PEDRO MIGUEL

No álbum mais antigo das relíquias fotográficas que guardo aqui em casa há uma foto de nós os dois na Corredoura, no passeio em frente à loja do teu pai e ao café do Sr. Cândido, o “Café Regional”, em que seguramos a tampa de uma caixa de lençóis com a reprodução de um retrato da Maria Antonieta, a austríaca, filha da Imperatriz Maria Teresa, que se fez Rainha de França por matrimónio com Luís XVI, e que antes de perder a cabeça se encarregou de demonstrar que não perdia grande coisa, pois quem diz ao povo para comer brioches no caso de não ter pão…
Mas estamos muito bem na foto que data do verão de 1975, aquele famoso e quente do “parto da liberdade”, sobretudo porque aquele território ali representado foi a nossa corte, o espaço onde fomos imperadores e dominámos o tempo com cumplicidades e gargalhadas que jamais deixarão de render uns valentes sorrisos sempre que espreitarem à janela mais exposta da nossa memória.
E às vezes também perdemos a cabeça, mas também isso era próprio da idade.
Na livraria da D. Joana, para além de lermos a “Tele Semana” atrás do balcão em pose de locutor como se estivéssemos em directo na RTP, dos muitos livros que podíamos ler, “bebíamos” a magia que nos inspirava para depois irmos para o “celeiro” e para a travessa fazer os nossos clubes de aventuras e as nossas muito próprias edições do “Festival da Canção” e de “A Visita da Cornélia”.
E aí, desde imitar a Simone a cantar “A Desfolhada” com uma letra numa mistura de palavras entre a versão original do Ary dos Santos, e as nossas próprias palavras; imitar a D. Dada de “A Gabriela” que achava sempre estar um pouco mais cheiinha; ou até fazer uns telefonemas anónimos em nome de uma tal “Claudete” que tinha o hábito de os fazer em “O Astro”, digamos que valia quase tudo para nos podermos rir com gosto.
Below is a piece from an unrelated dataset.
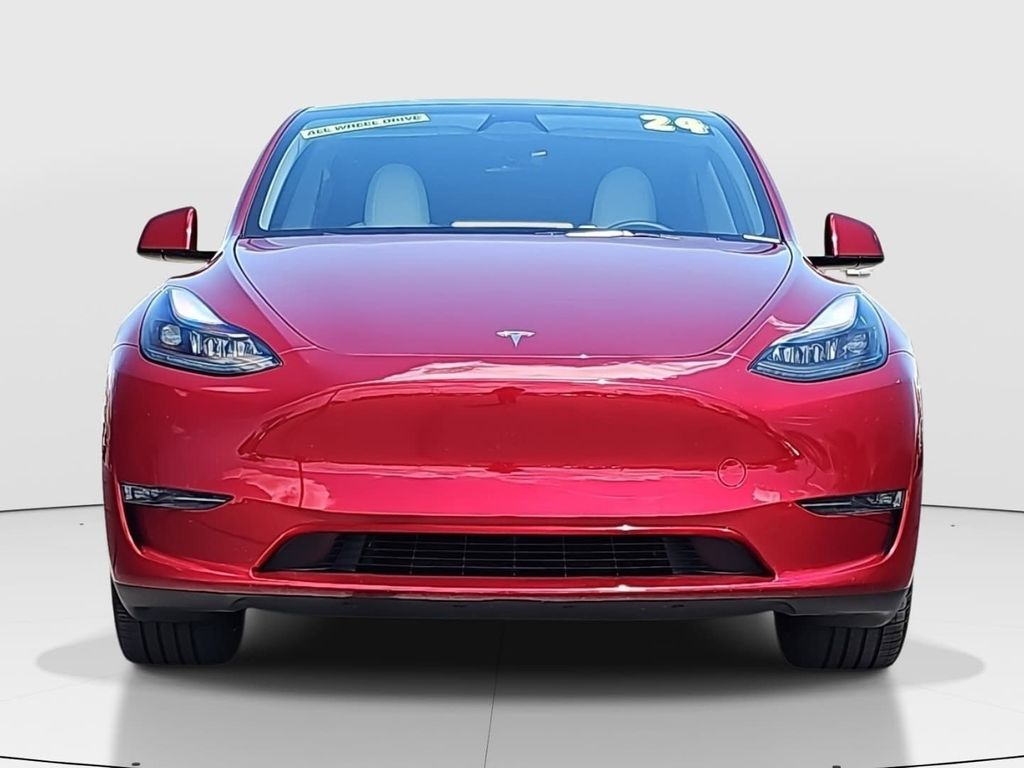 Used 2024 Tesla Model Y Long Range with VIN 7SAYGDEE5RA250620 for sale in Las Vegas, NV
E tu eras o mestre, mesmo sendo o mais novo do grupo.
Riamo-nos na missa de São Bartolomeu quando acolitávamos o padre e nos entravam aqueles “ataques” inexplicáveis só porque alguém gritava um “ámen” um pouco acima do tom e muito fora do tempo correcto, quando jogávamos às cartas, ao “Cames”, e tu não conseguias encontrar um sinal mais discreto do que caíres da cadeira, quando vendíamos calendários das missões anunciando-nos às campainhas como vindos das “Missões Franciscanas”, não dizendo sequer uma só palavra quando nos abriam a porta pois o riso era incontrolável…
Já não nos rimos tanto quando acabámos trancados na tua dispensa ou quando tu tentaste voar da varanda até à cozinha rasgando o tecto numa operação que qualquer 007 não desdenharia poder realizar nas telas da sétima arte.
E tantas outras histórias haveria para contar, episódios que contamos e recontamos, e que ainda hoje nos fazem rir sempre que nos sentamos à mesa do café para “actualizar os ficheiros” relativos aos nossos dias, que continuam afortunadamente repletos de cumplicidades e de afectos, dando uma sequência de amizade que muito me orgulha, a esse tempo em que crescemos juntos e em que fomos imperadores envoltos pelo fausto privilégio da maior alegria.
Porque podem sempre ter passado muitos meses e até anos, mas quando nos sentamos frente-a-frente, tantas vezes na nossa Vila Viçosa, sabemos sempre por onde retomar a conversa, e nunca nos faltam assuntos.
É assim que sempre acontece com os amigos e por isso tu não poderias faltar por aqui nesta galeria de “notáveis” que eu celebro durante 2014.
Pedro, um fortíssimo abraço de parabéns.